Population viability analysis (PVA) and its cousin, minimum viable population (MVP) size estimation, are two generic categories for mathematically assessing a population’s risk of extinction under particular environmental scenarios (e.g., harvest regimes, habitat loss, etc.) (a personal plug here, for a good overview of general techniques in mathematical conservation ecology, check out our new chapter entitled ‘The Conservation Biologist’s Toolbox…’ in Sodhi & Ehrlich‘s edited book Conservation Biology for All by Oxford University Press [due out later this year]). A long-standing technique used to estimate extinction risk when the only available data for a population are in the form of population counts (abundance estimates) is the stochastic exponential growth model (SEG). Surprisingly, this little beauty is relatively good at predicting risk even though it doesn’t account for density feedback, age structure, spatial complexity or demographic stochasticity.

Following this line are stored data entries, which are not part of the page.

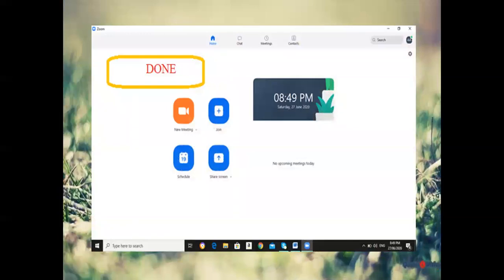Yes! You now have an activated Zoom app. You can see you have 'New Meeting', 'Join Meeting', 'Schedule', and 'Share Screen'. 'New Meeting' is where you, as the host, lead your members into a meeting session.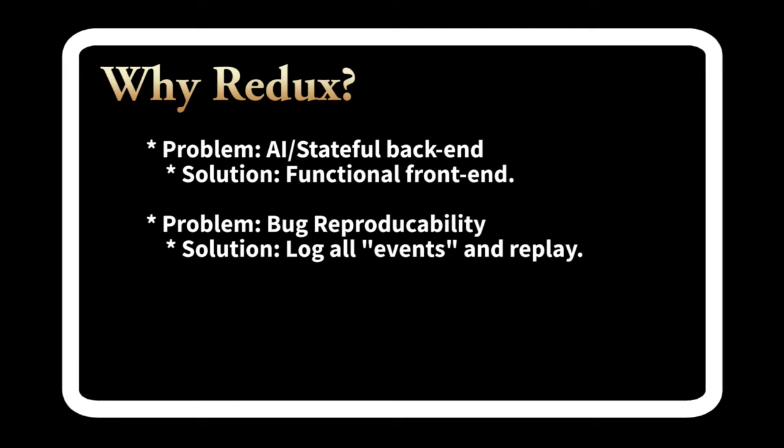I chose Redux because of a very specific problem we had at Sitecore. Because the backend is an artificial intelligence, it's going to learn and change its answers depending on what has come before. So you can't expect the same request sent to the backend to result in the same response. This made debugging a huge problem as some recurring errors were just impossible to reproduce on demand.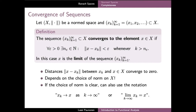Hello! In this video we'll take a look at the convergence properties of sequences on a normed space and define the concept of a Banach space. As usual, a sequence is an ordered set of elements, and now the members xk of the sequence belong to the normed linear space X.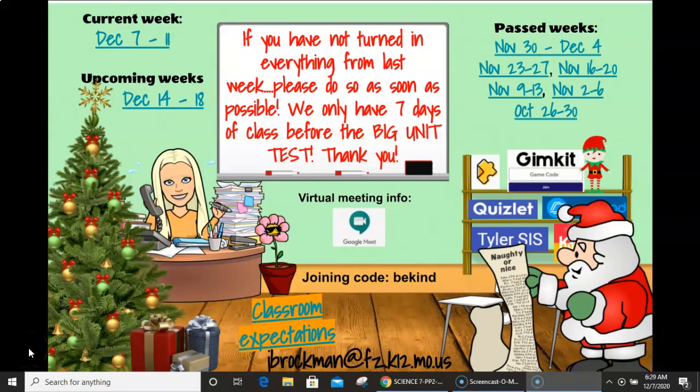Morning boys and girls. Today is Monday the 7th of December. If you've not turned in everything from last week, I want you to do so as soon as possible. We just have seven days before it's next Wednesday that we're taking the big unit test. So it's important that you keep up with the last few weeks.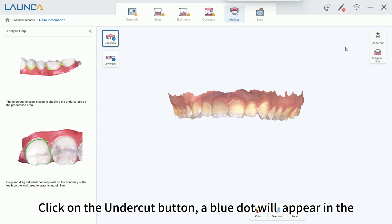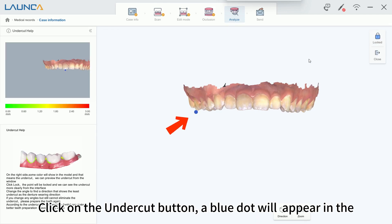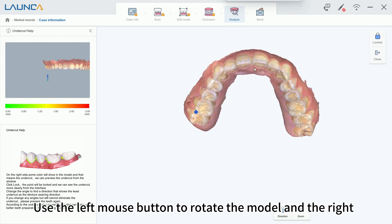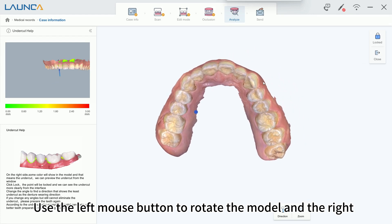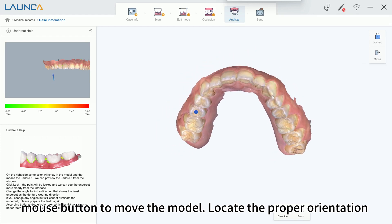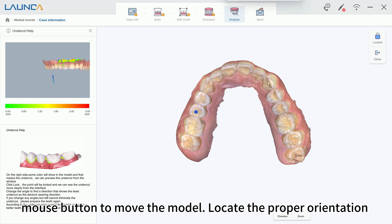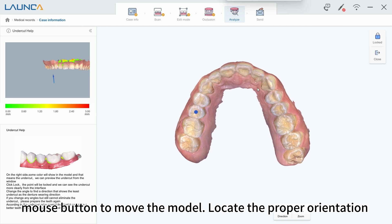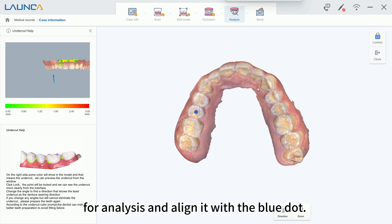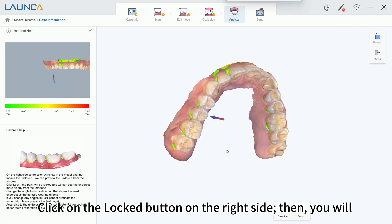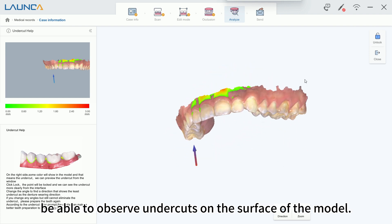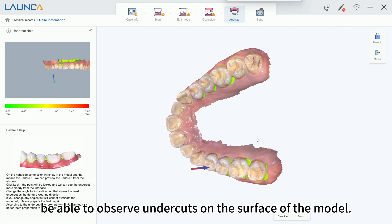Click on the undercut button. A blue dot will appear in the center of the screen. Use the left mouse button to rotate the model and the right mouse button to move the model. Locate the proper orientation for analysis and align it with the blue dot. Click on the Locker button on the right side. Then you will be able to observe undercuts on the surface of the model.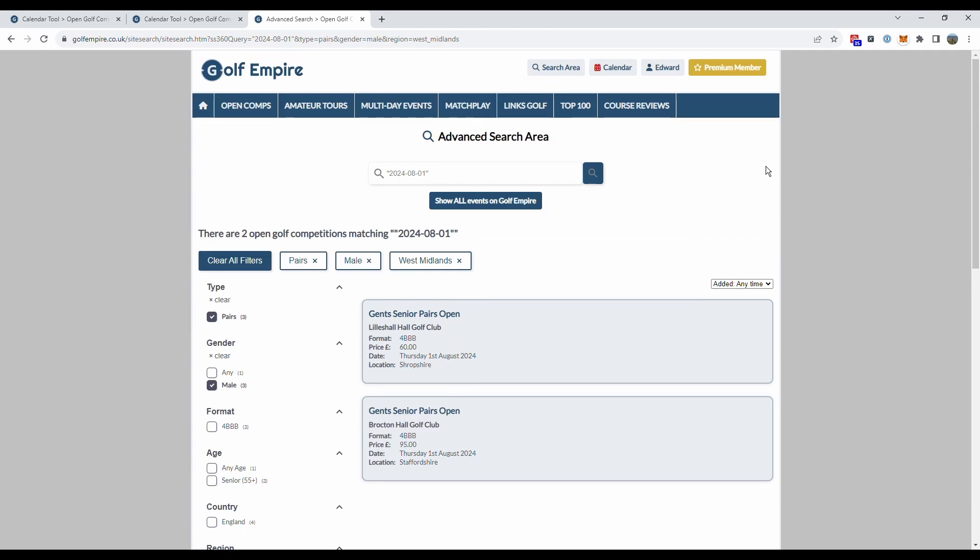So hopefully that shows you how the calendar tool works, it's really simple, really useful and as I say it is a premium member feature so if you sign up to the premium membership you will have access to the calendar tool. Happy golfing!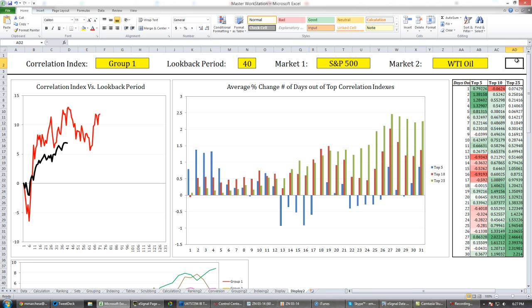The point of this Excel spreadsheet is it runs a correlation test. It looks at the look-back period — the 40 days — and compares it to all other periods of that same number of days in the entire data set, which for the S&P 500 goes back to 1997. These are the E-mini futures I'm looking at. It tests all of those and finds the highest correlation.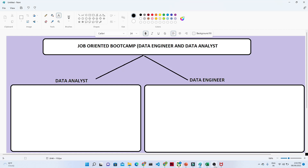Hello everyone, welcome to my YouTube channel. We are going to start a complete playlist about the data engineer and data analyst role. This will be a complete playlist covering all the skills specific for the data analyst and data engineer role, and it will be a job-oriented bootcamp. We are going to start from the basics, from the beginner level.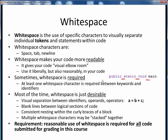For example, you may have noticed that in a statement such as 'public static void main', at least one blank space is required to separate any keywords or identifiers, as is shown here. But most of the time, using whitespace is just a desirable good programming practice.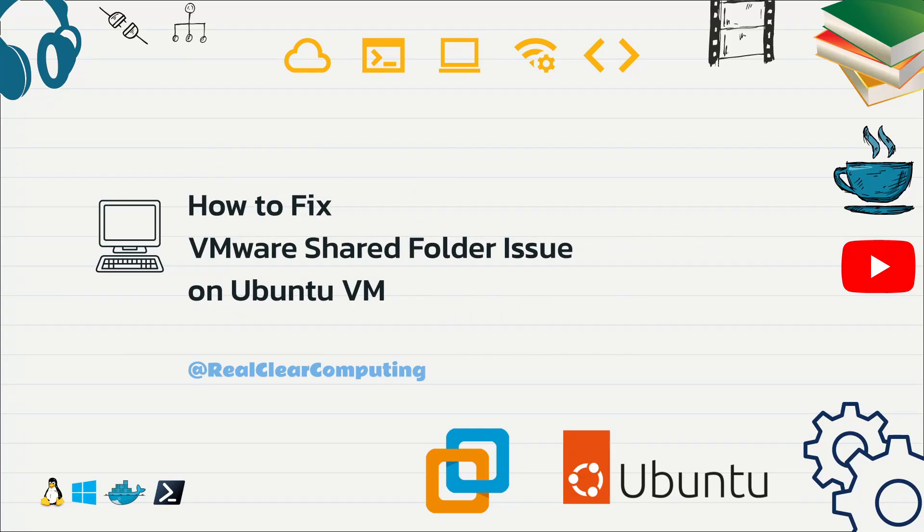In this video, I will show you how to properly mount a shared folder on an Ubuntu virtual machine in VMware Workstation Pro.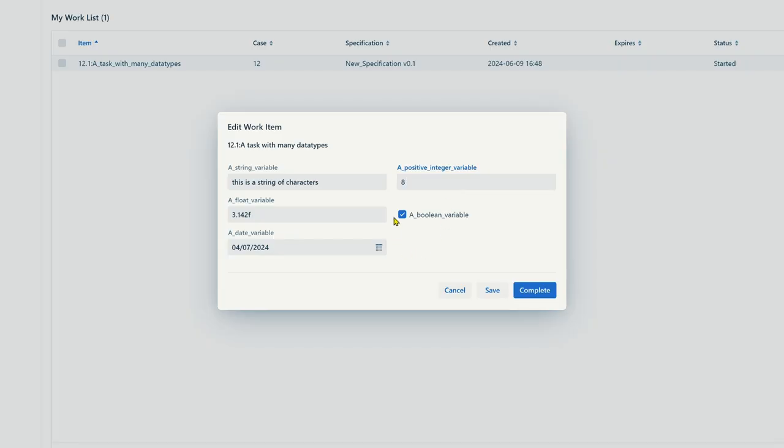For each of these data types, the workflow management system creates fields for the input of these data. For example, when you have an integer data type and you input two characters like A, B, the system will just tell you that this is not a correct value for this data type.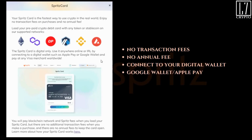Here's what pops up when you first get into the Spritz card: 'The Spritz card is the fastest way to use your crypto in the real world.' No transaction fees on purchases and no annual fee. Load your prepaid crypto debit card with any token or stable coin on supported networks. It's digital only — use it anywhere online or in real life by connecting it to a digital wallet like Apple Pay or Google Wallet, and pay at any Visa merchant worldwide. You will pay blockchain network fees and Spritz fees when you load the card, but there are no additional transaction fees on purchases and no annual fees.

So, how does it work? Well, it essentially calculates the mean and variance of the population growth rate, which is just the logarithm of the ratio of an abundance estimate in one year to the abundance estimate in the previous year. These two parameters are then resampled many times to estimate the probability that abundance drops below a certain small threshold (often set arbitrarily low to something like < 50 females, etc.).

It is simple (funny how maths can become so straightforward to some people when you couch them in words rather than mathematical symbols), and rather effective. This is why a lot of people use it to prescribe conservation management interventions. You don’t have to be a modeller to use it (check out Morris & Doak’s book Quantitative Conservation Biology for a good recipe-like description).

But (there’s always a but), a new paper just published online in Conservation Letters by Bruce Kendall entitled The diffusion approximation overestimates extinction risk for count-based PVA questions the robustness when the species of interest breeds seasonally. You see, the diffusion approximation (the method used to estimate that extinction risk described above) generally assumes continuous breeding (i.e., there are always some females producing offspring). Using some very clever mathematics, simulation and a bloody good presentation, Kendall shows quite clearly that the diffusion approximation SEG over-estimates extinction risk when this happens (and it happens frequently in nature). He also offers a new simulation method to get around the problem.

Who cares, apart from some geeky maths types (I include myself in that group)? Well, considering it’s used so frequently, is easy to apply and it has major implications for species threat listings (e.g., IUCN Red List), it’s important we estimate these things as correctly as we can. Kendall shows how several species have already been misclassified for threat risk based on the old technique.

So, once again mathematics has the spotlight. Thanks, Bruce, for demonstrating how sound mathematical science can pave the way for better conservation management.